PROBLEM STATEMENT —
Nothing but the listing below, retyped exactly, should appear in the answer.

MATERIAL TO PROCESS —

-*-

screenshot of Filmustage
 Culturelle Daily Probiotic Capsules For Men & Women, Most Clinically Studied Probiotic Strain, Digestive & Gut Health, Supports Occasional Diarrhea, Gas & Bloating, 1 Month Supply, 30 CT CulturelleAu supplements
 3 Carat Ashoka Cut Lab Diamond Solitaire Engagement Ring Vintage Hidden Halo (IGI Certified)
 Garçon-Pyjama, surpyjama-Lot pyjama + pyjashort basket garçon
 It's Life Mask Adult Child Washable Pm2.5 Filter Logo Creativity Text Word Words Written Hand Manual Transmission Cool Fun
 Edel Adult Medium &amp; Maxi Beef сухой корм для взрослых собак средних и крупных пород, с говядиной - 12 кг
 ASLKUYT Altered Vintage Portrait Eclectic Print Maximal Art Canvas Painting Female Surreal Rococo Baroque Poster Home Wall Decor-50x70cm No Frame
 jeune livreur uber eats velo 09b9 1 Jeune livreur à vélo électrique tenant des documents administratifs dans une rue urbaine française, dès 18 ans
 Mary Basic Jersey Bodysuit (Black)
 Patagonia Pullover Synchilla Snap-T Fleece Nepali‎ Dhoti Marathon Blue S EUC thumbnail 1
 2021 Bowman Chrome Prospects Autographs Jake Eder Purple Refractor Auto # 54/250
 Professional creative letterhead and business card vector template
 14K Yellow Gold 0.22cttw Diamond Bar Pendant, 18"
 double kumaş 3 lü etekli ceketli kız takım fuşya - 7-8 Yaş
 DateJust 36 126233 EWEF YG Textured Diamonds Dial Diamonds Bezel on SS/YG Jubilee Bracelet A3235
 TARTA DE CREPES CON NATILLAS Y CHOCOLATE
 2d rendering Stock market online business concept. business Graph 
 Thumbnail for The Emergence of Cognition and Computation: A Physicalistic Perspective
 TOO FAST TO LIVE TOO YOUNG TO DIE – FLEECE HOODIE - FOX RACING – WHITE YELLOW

-*-

SOLUTION TO THIS EXERCISE —
screenshot of Filmustage
 Culturelle Daily Probiotic Capsules For Men & Women, Most Clinically Studied Probiotic Strain, Digestive & Gut Health, Supports Occasional Diarrhea, Gas & Bloating, 1 Month Supply, 30 CT CulturelleAu supplements
 3 Carat Ashoka Cut Lab Diamond Solitaire Engagement Ring Vintage Hidden Halo (IGI Certified)
 Garçon-Pyjama, surpyjama-Lot pyjama + pyjashort basket garçon
 It's Life Mask Adult Child Washable Pm2.5 Filter Logo Creativity Text Word Words Written Hand Manual Transmission Cool Fun
 Edel Adult Medium &amp; Maxi Beef сухой корм для взрослых собак средних и крупных пород, с говядиной - 12 кг
 ASLKUYT Altered Vintage Portrait Eclectic Print Maximal Art Canvas Painting Female Surreal Rococo Baroque Poster Home Wall Decor-50x70cm No Frame
 jeune livreur uber eats velo 09b9 1 Jeune livreur à vélo électrique tenant des documents administratifs dans une rue urbaine française, dès 18 ans
 Mary Basic Jersey Bodysuit (Black)
 Patagonia Pullover Synchilla Snap-T Fleece Nepali‎ Dhoti Marathon Blue S EUC thumbnail 1
 2021 Bowman Chrome Prospects Autographs Jake Eder Purple Refractor Auto # 54/250
 Professional creative letterhead and business card vector template
 14K Yellow Gold 0.22cttw Diamond Bar Pendant, 18"
 double kumaş 3 lü etekli ceketli kız takım fuşya - 7-8 Yaş
 DateJust 36 126233 EWEF YG Textured Diamonds Dial Diamonds Bezel on SS/YG Jubilee Bracelet A3235
 TARTA DE CREPES CON NATILLAS Y CHOCOLATE
 2d rendering Stock market online business concept. business Graph 
 Thumbnail for The Emergence of Cognition and Computation: A Physicalistic Perspective
 TOO FAST TO LIVE TOO YOUNG TO DIE – FLEECE HOODIE - FOX RACING – WHITE YELLOW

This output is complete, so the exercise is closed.